The MoonshotScore rates PMMBF's growth potential on a scale of 0-100 across multiple factors including innovation, market disruption, financial health, and momentum.
Leadership: J. Scott Burrows
CEO
J. Scott Burrows serves as the CEO of Pembina Pipeline Corporation, managing a workforce of 2997 employees. His career reflects extensive experience in the energy sector, with a focus on strategic leadership and operational excellence. He has held various executive positions within Pembina, contributing to the company's growth and strategic direction. His expertise spans across pipeline operations, infrastructure development, and financial management. Burrows is known for his commitment to safety, sustainability, and stakeholder engagement.
Track Record: Under J. Scott Burrows' leadership, Pembina Pipeline Corporation has focused on expanding its integrated midstream asset base and enhancing its service offerings. Key achievements include the successful completion of major pipeline projects and strategic acquisitions that have strengthened the company's market position. Burrows has also emphasized operational efficiency and financial discipline, contributing to Pembina's consistent profitability and dividend payments.
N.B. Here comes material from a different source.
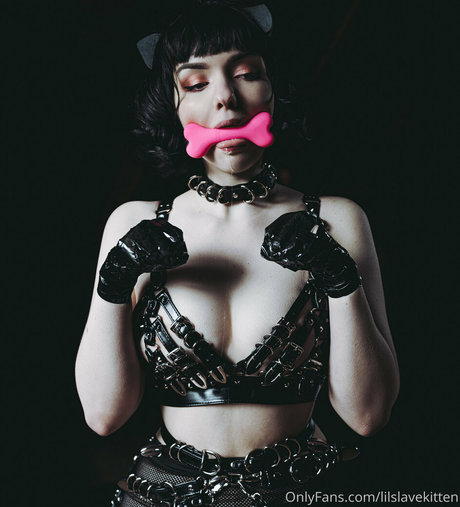 Lilslvkitten model hd photos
PMMBF OTC Market Information
The OTC Other tier represents the lowest tier of the OTC market, indicating that Pembina Pipeline Corporation CUM PFD SER A 21 has not met the requirements for higher tiers like OTCQX or OTCQB. Companies in this tier may have limited financial disclosure or may not be current in their reporting obligations. Investing in companies on the OTC Other tier carries a higher degree of risk compared to those listed on major exchanges due to the potential for less transparency and regulatory oversight. This tier is often populated by shell companies, bankrupt entities, or companies with questionable business practices. Investors should exercise extreme caution and conduct thorough due diligence before investing in OTC Other securities.
- OTC Tier: OTC Other
- Disclosure Status: Unknown
- Limited financial disclosure increases the risk of investing in PMMBF.
- Low trading volume can lead to price volatility and difficulty in buying or selling shares.
- Lack of regulatory oversight increases the risk of fraud or mismanagement.
- The OTC Other tier is often associated with higher-risk companies.
- Potential for delisting or suspension of trading.
- Verify the company's financial statements and SEC filings (if any).
- Research the company's management team and their track record.
- Assess the company's business model and competitive landscape.
- Evaluate the company's risk factors and potential liabilities.
- Check for any regulatory actions or legal proceedings against the company.
- Consult with a financial advisor before investing.
- Understand the risks associated with investing in OTC securities.
- Established operations in the midstream energy sector.
- Presence of physical assets, including pipelines and processing facilities.
- Long-term contracts with customers.
- Consistent dividend payments.
PMMBF Energy Stock FAQ
What does Pembina Pipeline Corporation CUM PFD SER A 21 do?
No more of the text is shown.